Because my holiday memories were consolidated at a time when my brain effortlessly conjured up images of flying reindeer, I still feel a bit of that Christmas magic when I encounter holiday sights, smells and sounds
Luckily, however, we don’t completely lose those old ways of thinking, because the brain appears to retain a mechanism for neural time travel. By this, I don’t simply mean that adults have warm memories of having believed in Santa Claus. Pascal Boyer, a professor of memory at Washington University in St. Louis, differentiates between what he refers to as episodic memories — the first time we sat on Santa’s knee or the year a blizzard knocked out the electricity — and mental time travel memories, or M.T.T. These come closer to re-experiencing a remembered event. Professor Boyer describes how neuroimaging evidence indicates that, when certain events are recalled — presumably after being triggered by familiar sights, smells or sounds — emotional brain areas are activated as well as visceral responses. You relive the feelings you experienced in the past. These recollections can be thought of as full body and brain memories.

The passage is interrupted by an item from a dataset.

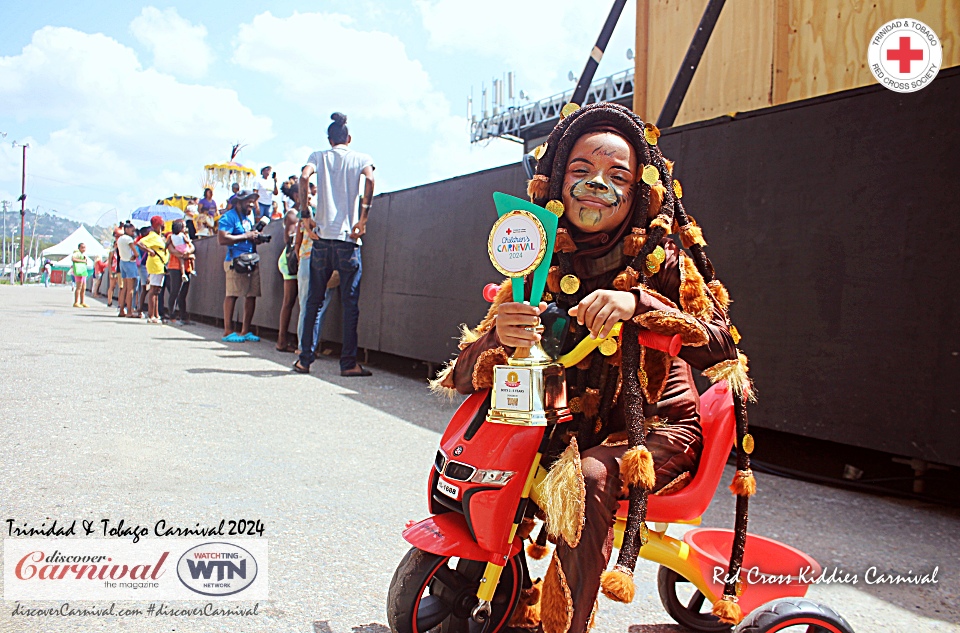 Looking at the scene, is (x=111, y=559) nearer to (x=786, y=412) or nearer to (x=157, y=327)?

This can be traumatic, as it is likely to be for people who suffer from post-traumatic stress disorder. Or it can be more mundane. Imagine that someone had a chili dog before riding a roller coaster and then got sick. For years, he may be overcome by nausea whenever he encounters a chili dog — even if he knows perfectly well it was the motion of the ride that made him ill. When the brain considers something to be important, it is difficult to extinguish its responses to conditioned memories. Thankfully, it can happen for happy memories as well.